En 2006, les VFD ont réalisé un chiffre d’affaires de 42 millions d’euros. Des résultats financiers qui ne sont pas encore conformes aux attentes du pool d’actionnaires. La feuille de route affichée l’an dernier prévoyait en effet un déficit d’un million d’euros par an sur les deux premières années, l’équilibre la troisième année et enfin, un excédent d’un million d’euros par an pour les deux exercices suivants.
Or le premier exercice s’est achevé sur un déficit de 2 millions d’euros. Les raisons en sont multiples. En premier lieu, Les VFD ont essuyé la perte de plusieurs marchés urbains à Grenoble. Plusieurs lignes ont été récupérées par la Semitag, en gestion directe, ou par la concurrence, Transdev par exemple. Une décision qui a engendré aussitôt des mouvement sociaux chez les VFD, les deux phénomènes expliquant à eux seuls un million d’euros de déficit.
Face à cette situation, Hubert Boute ne baisse pas les bras et va proposer pour l’année à venir un budget à l’équilibre: "Nous avions envisagé deux millions d’euros de déficit sur deux ans, compte tenu de ce premier exercice, nous devrons arriver à l’équilibre un an plus tôt", explique-t-il. Le dirigeant compte sur une expérience de 15 années passées à la régie départementale des Ardennes, "sans une seule année déficitaire". Mais à Grenoble, les choses semblent un peu plus délicates. "Il est certain que si nous voulons emporter des marchés, nous devons être concurrentiels dans les appels d’offres et donc, réaliser des économies", relève Hubert Boute. Un changement de cap est dont nécessaire. Pour faire face à la concurrence, tout en respectant le tableau de marche financier fixé par ses actionnaires, Hubert Boute veut mettre en œuvre plusieurs outils: "Nous allons moderniser l’informatique, nous doter de tableaux de bord, mettre en œuvre des actions de management pour motiver les équipes".
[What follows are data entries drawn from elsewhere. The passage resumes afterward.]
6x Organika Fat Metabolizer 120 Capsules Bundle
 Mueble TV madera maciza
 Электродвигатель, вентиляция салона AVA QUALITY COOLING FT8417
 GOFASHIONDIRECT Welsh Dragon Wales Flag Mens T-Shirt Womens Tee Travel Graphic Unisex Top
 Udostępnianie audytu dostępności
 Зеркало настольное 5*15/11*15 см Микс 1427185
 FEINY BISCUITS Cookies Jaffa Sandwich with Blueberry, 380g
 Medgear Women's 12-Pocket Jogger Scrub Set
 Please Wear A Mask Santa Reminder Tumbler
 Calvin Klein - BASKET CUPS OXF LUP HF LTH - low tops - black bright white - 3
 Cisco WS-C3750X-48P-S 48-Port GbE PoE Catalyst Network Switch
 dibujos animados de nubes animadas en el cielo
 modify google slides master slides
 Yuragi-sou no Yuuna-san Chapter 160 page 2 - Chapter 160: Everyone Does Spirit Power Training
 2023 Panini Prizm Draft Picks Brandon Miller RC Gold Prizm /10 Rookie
L’idée est de conforter les parts de marché dont disposent les VFD, soit environ le tiers des transports en commun de Grenoble et autant du réseau départemental Transisère. Un objectif qui ne sera pas atteint sans certaines économies. "Nous répondrons aux consultations qui correspondent à notre savoir-faire. Nous saurons faire preuve d’agressivité sur celles-ci, tout en nous abstenant sur les autres. Mais nous disposons de certaines sources d’économies, comme la rationalisation de nos 13 centres d’exploitation, ou une politique d’investissement plus cohérente en matière de véhicules…", précise Hubert Boute, qui se montre résolument optimiste pour l’avenir.